TRIC channel subtypes form bullet-shaped homo-trimeric assemblies and behave as K (+) channels in intracellular membrane systems. The pathophysiological defects observed in knockout mice suggest that TRIC channels mediate counter-K (+) movements to facilitate Ca(2 +) release from intracellular stores in various cell types.
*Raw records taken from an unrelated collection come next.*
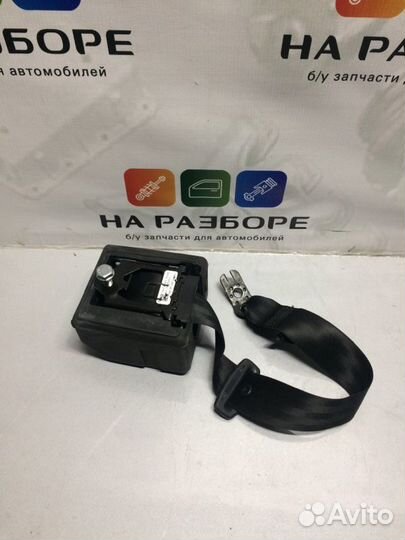 Ремень безопасности задний правый Audi A7 4GA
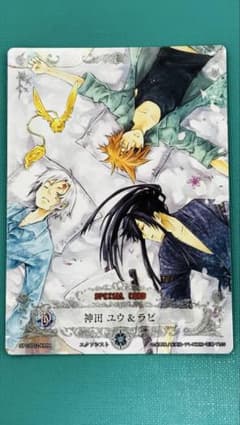 D.Gray-man トレーディングカード　SP03002-KMRのサムネイル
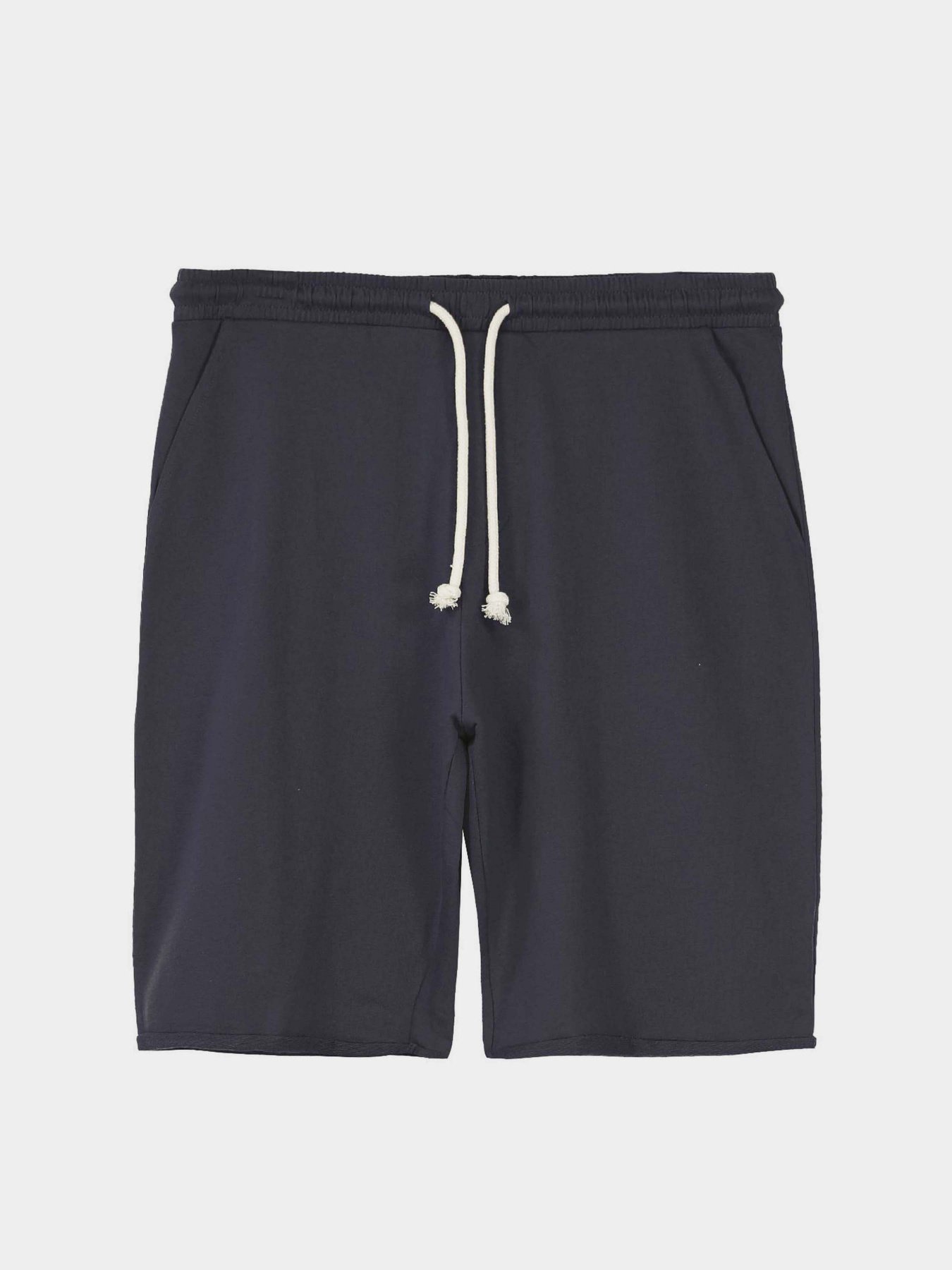 Повсякденні шорти Piazza Italia модель 87439_blue Фото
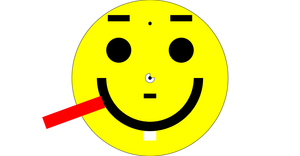 Fork of Fork of Let's make a face with D3.js!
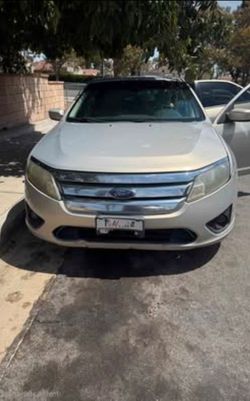 2010 Ford Fusion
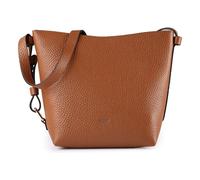 abro Cosmo Shoulder Bag Leather 21 cm brown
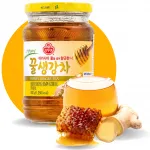 OTTOGI Honey Ginger Tea 20x500g KR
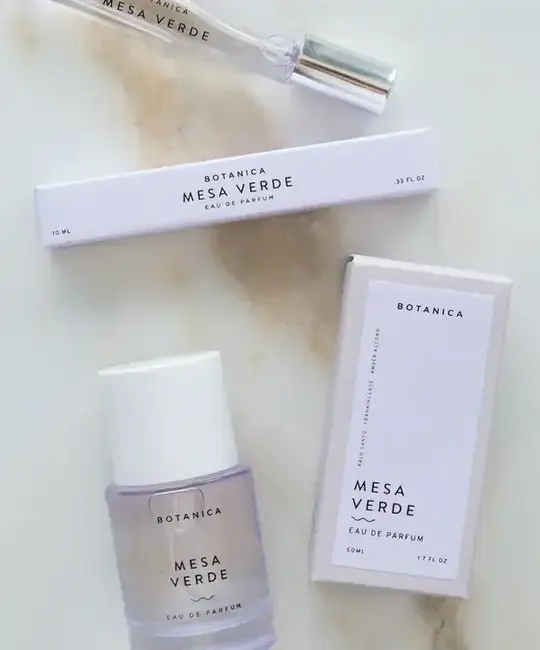 Botanica - BOT BOT AP - Mesa Verde Travel Fragrance Eau De Parfum (Version 3.0)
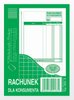 Rachunek Dla Konsumenta A6 Wielok. Pion 262-5 /MiP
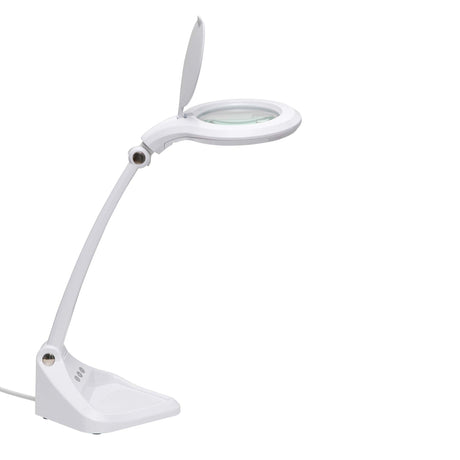Naga A/S LED luplampe med lys, hvid, MAULiris – Belysning (billede 6)
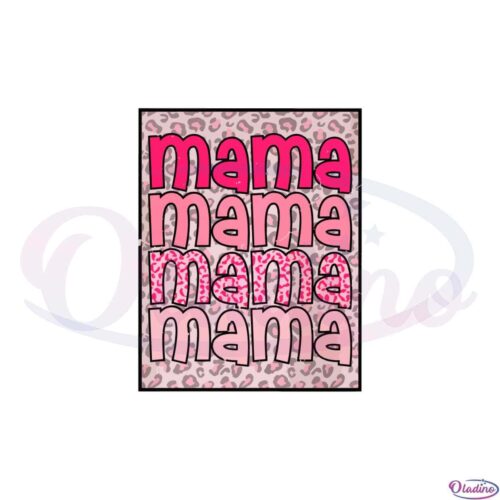 pink-leopard-mama-svg-best-graphic-designs-cutting-files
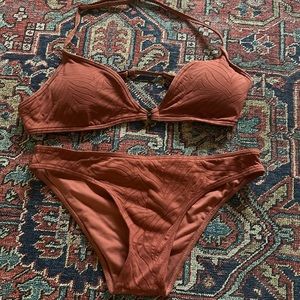 Roxy bikini swimsuit!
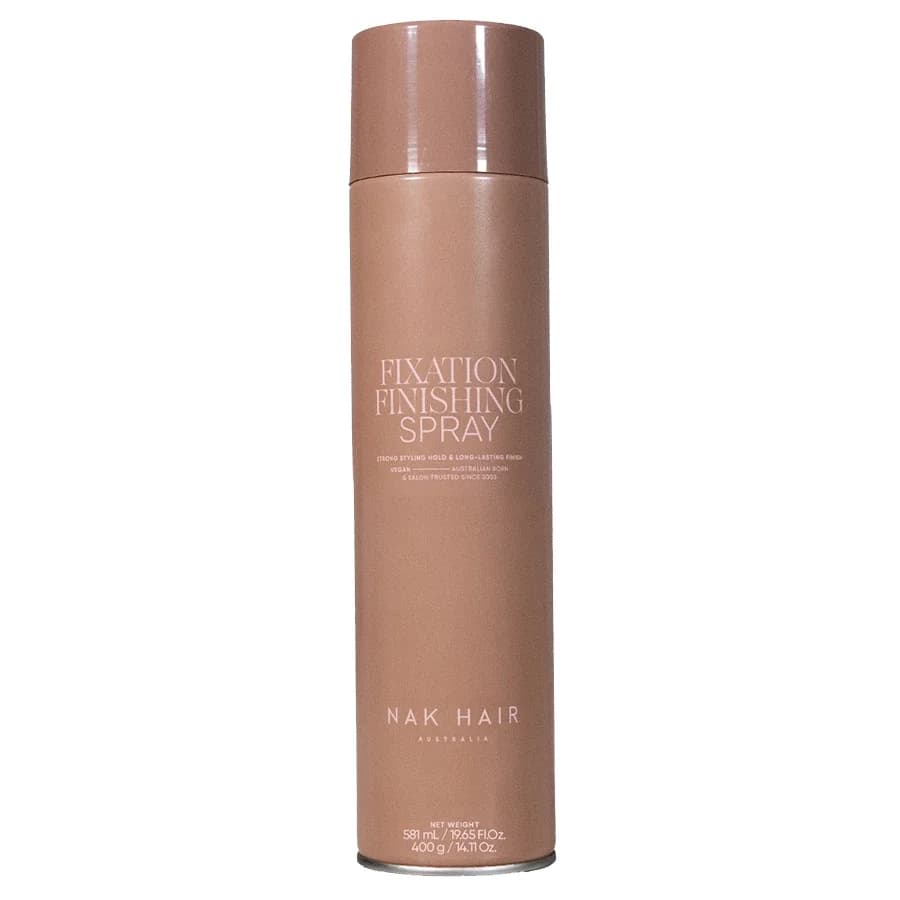 NAK HAIR Fixation Finishing Spray 581 ml från NAK HAIR – köp hos Apotek Hjärtat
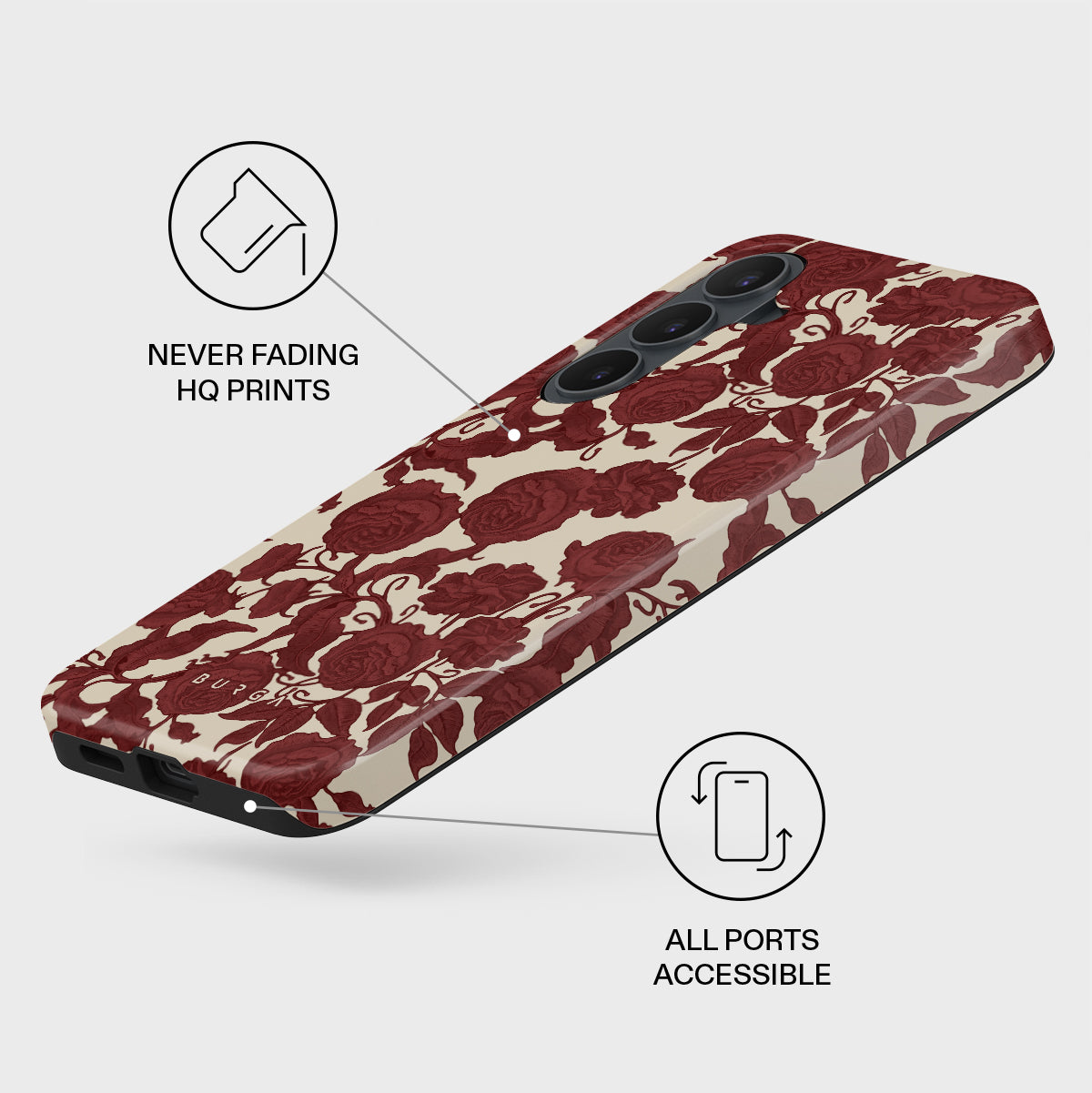 Tease Me - Samsung Galaxy S26 FE Case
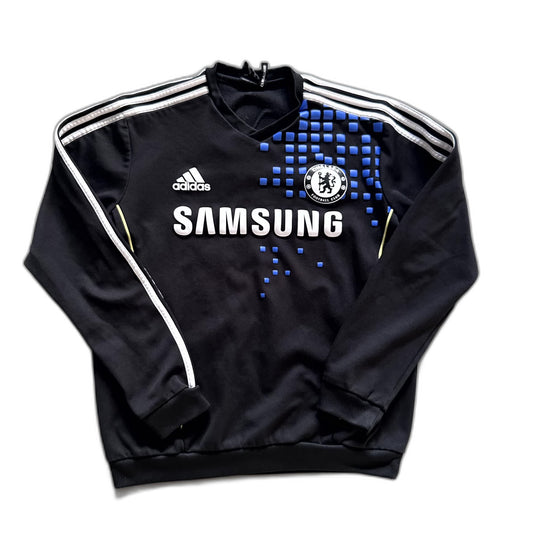 Adidas x FC Chelsea Vintage Sweater 2008/09 | L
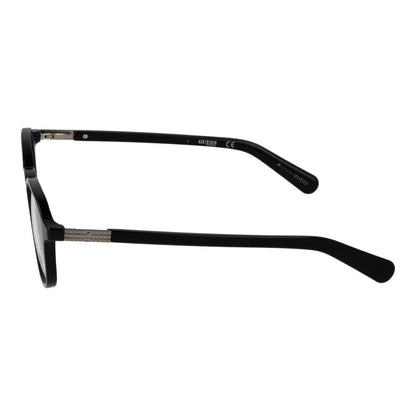 Guess Black Plastic Glasses (Frames)
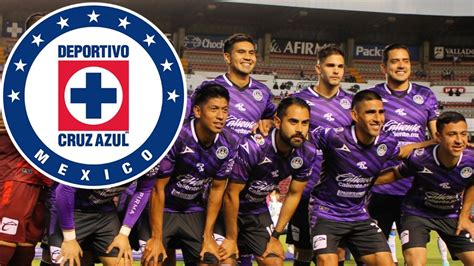 Cruz Azul Cierra El Primer Fichaje De Un Jugador Mexicano De Cara Al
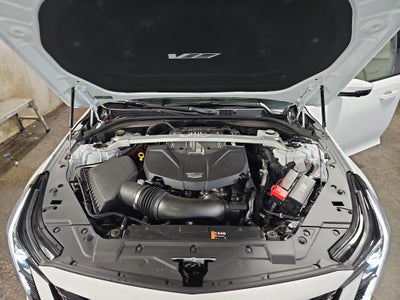 2026 Cadillac CT5-V Blackwing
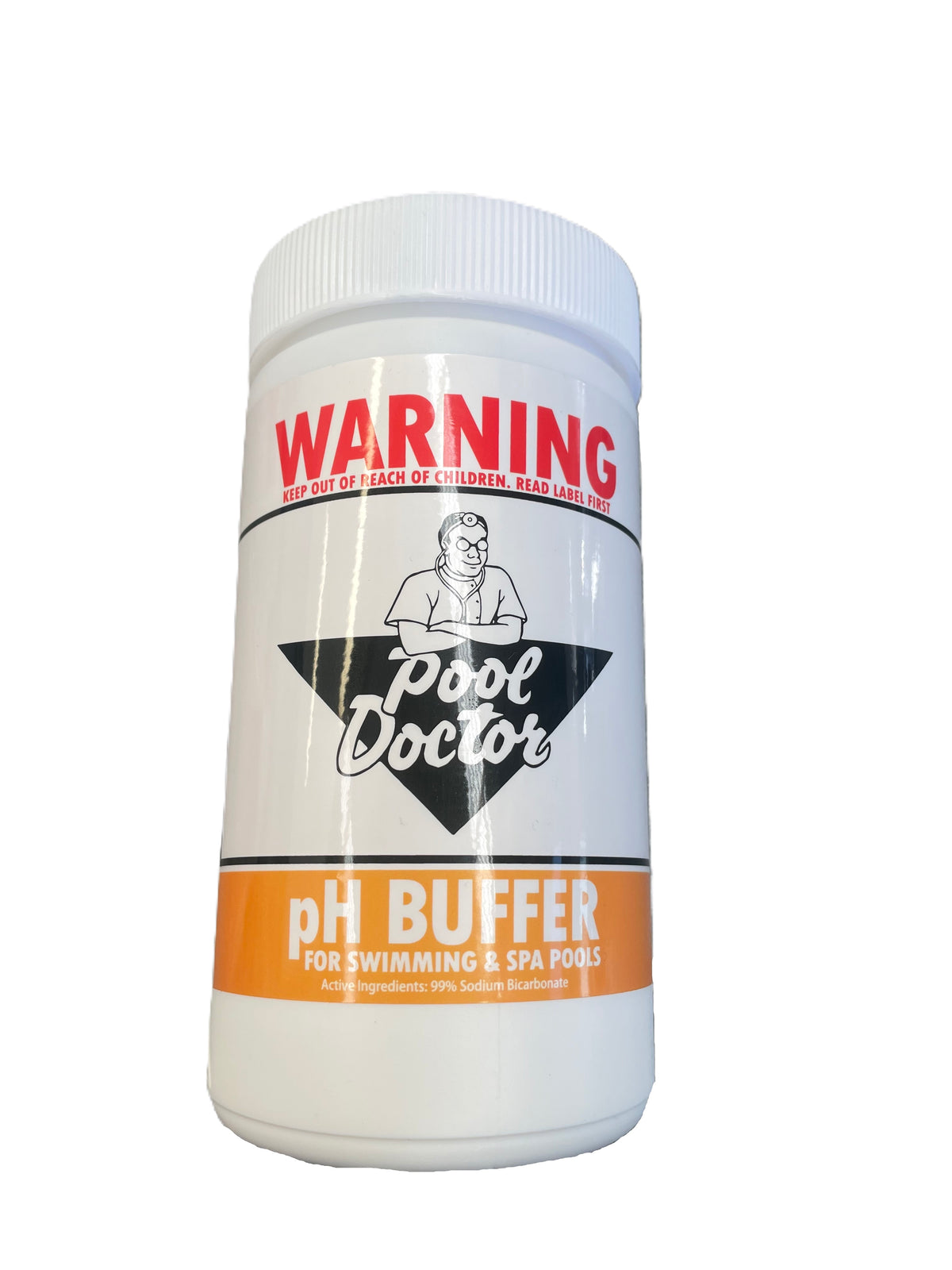 PH BUFFER SODIUM BICARBONATE 1kg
In vascular smooth muscle cells (VSMCs) , Ca(2 +) release mediated by ryanodine receptors (RyRs) generates local Ca(2 +) sparks, which activate cell-surface Ca(2 +) -dependent K (+) channels and induce hyperpolarization. Tric-a-knockout mice develop hypertension due to elevated resting tonus in the mutant VSMCs. In Tric-a-knockout VSMCs, RyR-mediated Ca(2 +) sparks are compromised and the hyperpolarization signaling is thus impaired. Under such depolarized conditions, voltage-dependent L-type Ca(2 +) channels are hyper-activated to enhance resting tonus in Tric-a-knockout VSMCs. Therefore, the expression level of TRIC-A channels in VSMCs seems to set resting blood pressure at whole animal level. Moreover, our association study identified several single nucleotide polymorphisms (SNPs) around the TRIC-A gene that increase a hypertension risk and restrict the efficiency of antihypertensive drugs. The observations suggest that the TRIC-A SNPs can provide biomarkers for the diagnosis and personalized medical treatment of essential hypertension.